Once B is stable, add the hybrid AI layer:
- AI generates additional test scenarios based on the git diff
- Deterministic script executes them
- Baseline happy path always runs regardless of AI output (fall back to Option B if AI fails)

This gives you the adaptability of AI with the reliability of a script, and the baseline always protects you even if the AI generates a bad plan.

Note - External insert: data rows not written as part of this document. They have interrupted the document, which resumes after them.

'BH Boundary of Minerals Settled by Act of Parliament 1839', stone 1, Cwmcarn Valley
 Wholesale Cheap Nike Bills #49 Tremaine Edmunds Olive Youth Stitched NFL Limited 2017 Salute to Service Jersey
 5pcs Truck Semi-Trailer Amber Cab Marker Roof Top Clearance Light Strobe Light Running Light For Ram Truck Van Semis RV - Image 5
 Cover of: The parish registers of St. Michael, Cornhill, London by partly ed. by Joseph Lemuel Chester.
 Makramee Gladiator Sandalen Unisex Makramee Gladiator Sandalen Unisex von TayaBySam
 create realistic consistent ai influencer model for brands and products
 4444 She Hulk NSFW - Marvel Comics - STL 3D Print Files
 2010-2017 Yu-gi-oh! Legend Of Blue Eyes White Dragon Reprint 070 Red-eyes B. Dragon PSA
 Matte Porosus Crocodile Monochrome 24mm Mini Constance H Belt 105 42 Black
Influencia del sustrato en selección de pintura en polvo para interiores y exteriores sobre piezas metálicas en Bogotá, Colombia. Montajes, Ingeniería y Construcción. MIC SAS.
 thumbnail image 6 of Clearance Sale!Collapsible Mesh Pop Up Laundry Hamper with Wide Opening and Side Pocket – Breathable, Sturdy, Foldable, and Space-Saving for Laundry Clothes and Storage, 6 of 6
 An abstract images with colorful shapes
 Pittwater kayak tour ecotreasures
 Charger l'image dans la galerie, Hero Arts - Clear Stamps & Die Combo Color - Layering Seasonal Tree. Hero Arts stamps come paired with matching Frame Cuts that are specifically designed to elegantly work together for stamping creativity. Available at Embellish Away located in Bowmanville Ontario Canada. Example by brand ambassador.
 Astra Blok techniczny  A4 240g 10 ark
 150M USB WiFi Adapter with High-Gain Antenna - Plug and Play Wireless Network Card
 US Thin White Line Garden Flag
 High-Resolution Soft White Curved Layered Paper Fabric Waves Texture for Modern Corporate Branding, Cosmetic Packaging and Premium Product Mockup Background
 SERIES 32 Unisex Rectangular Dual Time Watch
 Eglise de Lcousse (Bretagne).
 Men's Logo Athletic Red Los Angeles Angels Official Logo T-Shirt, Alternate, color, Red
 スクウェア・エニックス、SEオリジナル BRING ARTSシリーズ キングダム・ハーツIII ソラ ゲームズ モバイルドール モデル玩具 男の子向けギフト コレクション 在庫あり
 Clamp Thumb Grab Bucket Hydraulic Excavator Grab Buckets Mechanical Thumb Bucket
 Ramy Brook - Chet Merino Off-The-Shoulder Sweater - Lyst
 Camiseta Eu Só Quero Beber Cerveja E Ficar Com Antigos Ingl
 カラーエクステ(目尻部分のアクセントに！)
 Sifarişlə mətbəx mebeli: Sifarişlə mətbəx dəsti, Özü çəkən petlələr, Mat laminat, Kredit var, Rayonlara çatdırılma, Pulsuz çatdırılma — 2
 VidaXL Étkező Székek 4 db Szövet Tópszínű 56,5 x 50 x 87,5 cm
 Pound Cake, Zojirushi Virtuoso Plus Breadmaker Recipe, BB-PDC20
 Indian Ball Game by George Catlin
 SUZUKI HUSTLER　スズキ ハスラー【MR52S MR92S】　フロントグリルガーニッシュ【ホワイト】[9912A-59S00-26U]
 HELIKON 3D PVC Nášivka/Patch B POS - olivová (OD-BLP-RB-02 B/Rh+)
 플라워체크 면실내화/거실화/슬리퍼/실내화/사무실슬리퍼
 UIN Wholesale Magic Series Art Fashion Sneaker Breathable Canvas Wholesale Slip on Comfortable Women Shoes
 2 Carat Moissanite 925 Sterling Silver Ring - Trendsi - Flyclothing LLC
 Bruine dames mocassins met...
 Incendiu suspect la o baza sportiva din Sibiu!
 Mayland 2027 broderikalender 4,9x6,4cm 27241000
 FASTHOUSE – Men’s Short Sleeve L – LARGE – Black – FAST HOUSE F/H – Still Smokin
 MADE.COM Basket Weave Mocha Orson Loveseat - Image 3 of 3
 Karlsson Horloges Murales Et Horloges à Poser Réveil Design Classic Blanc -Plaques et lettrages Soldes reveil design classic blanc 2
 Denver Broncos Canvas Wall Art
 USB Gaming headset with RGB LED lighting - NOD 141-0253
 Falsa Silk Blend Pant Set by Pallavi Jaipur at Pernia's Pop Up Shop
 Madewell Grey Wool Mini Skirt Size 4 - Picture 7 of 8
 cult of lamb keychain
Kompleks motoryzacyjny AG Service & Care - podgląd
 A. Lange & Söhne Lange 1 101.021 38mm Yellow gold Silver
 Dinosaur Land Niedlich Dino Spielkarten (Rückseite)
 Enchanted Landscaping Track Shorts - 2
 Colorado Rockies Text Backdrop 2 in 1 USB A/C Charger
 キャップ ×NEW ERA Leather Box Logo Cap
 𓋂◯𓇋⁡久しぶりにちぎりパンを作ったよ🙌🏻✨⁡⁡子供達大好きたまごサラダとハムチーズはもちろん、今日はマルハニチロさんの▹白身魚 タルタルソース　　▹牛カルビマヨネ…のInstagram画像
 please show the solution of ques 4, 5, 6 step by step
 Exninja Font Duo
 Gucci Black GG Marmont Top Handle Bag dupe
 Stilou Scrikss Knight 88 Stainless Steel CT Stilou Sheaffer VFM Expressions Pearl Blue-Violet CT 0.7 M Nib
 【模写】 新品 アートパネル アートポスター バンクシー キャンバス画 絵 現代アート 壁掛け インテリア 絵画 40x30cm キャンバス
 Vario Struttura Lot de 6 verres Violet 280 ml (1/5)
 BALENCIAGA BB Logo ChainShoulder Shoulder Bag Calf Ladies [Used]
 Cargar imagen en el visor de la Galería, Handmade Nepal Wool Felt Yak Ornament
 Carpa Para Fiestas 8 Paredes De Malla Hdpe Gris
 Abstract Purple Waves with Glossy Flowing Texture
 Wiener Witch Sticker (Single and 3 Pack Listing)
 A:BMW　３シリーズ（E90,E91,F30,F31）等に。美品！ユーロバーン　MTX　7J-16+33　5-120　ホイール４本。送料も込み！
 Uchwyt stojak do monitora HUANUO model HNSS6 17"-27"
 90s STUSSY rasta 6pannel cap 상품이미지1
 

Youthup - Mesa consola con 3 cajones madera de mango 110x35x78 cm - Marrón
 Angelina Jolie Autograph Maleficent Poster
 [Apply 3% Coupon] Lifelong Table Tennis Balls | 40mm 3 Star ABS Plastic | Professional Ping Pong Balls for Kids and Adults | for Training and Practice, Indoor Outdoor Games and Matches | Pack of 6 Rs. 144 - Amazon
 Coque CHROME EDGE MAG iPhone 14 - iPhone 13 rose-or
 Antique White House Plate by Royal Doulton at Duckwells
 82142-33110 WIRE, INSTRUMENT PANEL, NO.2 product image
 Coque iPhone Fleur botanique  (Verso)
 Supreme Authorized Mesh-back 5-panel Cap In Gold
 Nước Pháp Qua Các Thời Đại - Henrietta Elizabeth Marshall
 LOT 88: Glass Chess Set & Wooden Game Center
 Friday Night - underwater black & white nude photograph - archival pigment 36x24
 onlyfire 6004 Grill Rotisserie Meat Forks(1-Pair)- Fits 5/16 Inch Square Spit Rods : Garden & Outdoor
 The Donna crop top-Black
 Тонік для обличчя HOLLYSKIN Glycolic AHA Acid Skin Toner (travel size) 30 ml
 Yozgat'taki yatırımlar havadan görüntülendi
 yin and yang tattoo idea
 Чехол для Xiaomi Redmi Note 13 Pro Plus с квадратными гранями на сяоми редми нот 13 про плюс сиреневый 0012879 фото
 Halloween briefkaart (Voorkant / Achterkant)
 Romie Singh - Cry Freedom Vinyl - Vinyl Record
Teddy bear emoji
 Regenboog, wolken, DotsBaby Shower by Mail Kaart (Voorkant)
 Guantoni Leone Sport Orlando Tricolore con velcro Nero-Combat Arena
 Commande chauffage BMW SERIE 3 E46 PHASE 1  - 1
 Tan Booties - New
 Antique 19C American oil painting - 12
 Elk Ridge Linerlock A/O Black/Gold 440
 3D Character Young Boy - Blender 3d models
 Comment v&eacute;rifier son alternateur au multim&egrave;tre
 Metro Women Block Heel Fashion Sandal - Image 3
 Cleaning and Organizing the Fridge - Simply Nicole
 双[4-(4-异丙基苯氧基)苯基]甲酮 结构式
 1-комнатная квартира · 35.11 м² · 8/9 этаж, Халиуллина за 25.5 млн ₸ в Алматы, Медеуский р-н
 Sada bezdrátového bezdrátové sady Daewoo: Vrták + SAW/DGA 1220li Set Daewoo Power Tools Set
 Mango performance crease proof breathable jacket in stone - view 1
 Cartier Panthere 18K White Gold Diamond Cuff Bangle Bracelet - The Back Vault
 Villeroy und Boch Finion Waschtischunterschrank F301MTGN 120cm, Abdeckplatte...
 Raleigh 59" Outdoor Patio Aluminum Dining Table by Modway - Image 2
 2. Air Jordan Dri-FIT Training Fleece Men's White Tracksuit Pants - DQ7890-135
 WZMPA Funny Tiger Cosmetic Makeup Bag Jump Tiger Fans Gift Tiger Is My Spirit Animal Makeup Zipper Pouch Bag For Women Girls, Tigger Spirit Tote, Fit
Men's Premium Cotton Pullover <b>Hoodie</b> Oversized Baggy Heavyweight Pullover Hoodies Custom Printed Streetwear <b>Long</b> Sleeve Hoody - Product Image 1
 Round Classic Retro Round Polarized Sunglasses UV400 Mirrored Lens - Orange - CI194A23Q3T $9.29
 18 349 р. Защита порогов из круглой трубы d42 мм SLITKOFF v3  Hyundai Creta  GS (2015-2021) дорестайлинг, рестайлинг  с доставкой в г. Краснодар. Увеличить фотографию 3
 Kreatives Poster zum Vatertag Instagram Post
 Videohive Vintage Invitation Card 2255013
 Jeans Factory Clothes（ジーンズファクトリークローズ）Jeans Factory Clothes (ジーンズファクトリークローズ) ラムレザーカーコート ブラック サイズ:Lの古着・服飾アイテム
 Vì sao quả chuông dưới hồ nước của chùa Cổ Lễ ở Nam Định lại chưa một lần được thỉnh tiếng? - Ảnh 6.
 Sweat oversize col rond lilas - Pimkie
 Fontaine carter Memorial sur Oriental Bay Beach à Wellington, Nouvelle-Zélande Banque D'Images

### Architecture of the combined approach

```
GitHub Actions (staging branch only)
  │
  ├── Job: RSpec tests (existing, 4 groups)
  │
  └── Job: E2E smoke test
        │
        ├── Step 1: Run baseline scenarios (Option B)
        │     └── Always: happy path, all server types, deployment
        │
        ├── Step 2: AI-generated scenarios (Option C hybrid, optional)
        │     ├── Claude reads git diff
        │     ├── Outputs additional test_plan.json
        │     └── Script executes the plan
        │
        └── Step 3: Cleanup test resources
```

If Step 2 fails or produces garbage, Step 1 still ran and gave you the core coverage. Over time, you can tune the AI prompt and expand its scope as you build confidence.

---

## API Endpoints for E2E Flow

Based on the existing Main API controllers, the full flow would exercise:

| Step | Method | Endpoint | Controller |
|------|--------|----------|------------|
| Create project | POST | `/projects` | `projects_controller.rb` |
| Set up repository | POST | `/projects/:id/repository` | `repositories_controller.rb` |
| Create SSH server | POST | `/projects/:id/servers` | `servers_controller.rb` |
| Create FTP server | POST | `/projects/:id/servers` | `servers_controller.rb` |
| Add config file | POST | `/projects/:id/config_files` | `config_files_controller.rb` |
| Add env variable | POST | `/projects/:id/environment_variables` | `environment_variables_controller.rb` |
| Add build command | POST | `/projects/:id/build_commands` | `build_commands_controller.rb` |
| Trigger deployment | POST | `/projects/:id/deployments` | `deployments_controller.rb` |
| Check status | GET | `/projects/:id/deployments/:id` | `deployments_controller.rb` |
| Cleanup | DELETE | `/projects/:id` | `projects_controller.rb` |

Authentication: HTTP Basic Auth with API key (`-u :<api_key>`).

---

## Open Questions

- **Target environment**: Run against live staging (tests current deploy) or Docker instance in CI (tests new code before deploy)?
- **Test account**: Create a dedicated test account on staging, or provision one dynamically?
- **Cleanup strategy**: Delete test resources after each run, or use a TTL-based cleanup?
- **Failure handling**: Should E2E failure block the deploy, or just alert?
- **Server connectivity**: E2E tests create servers -- do we need real servers to connect to, or just validate the API accepts the configuration?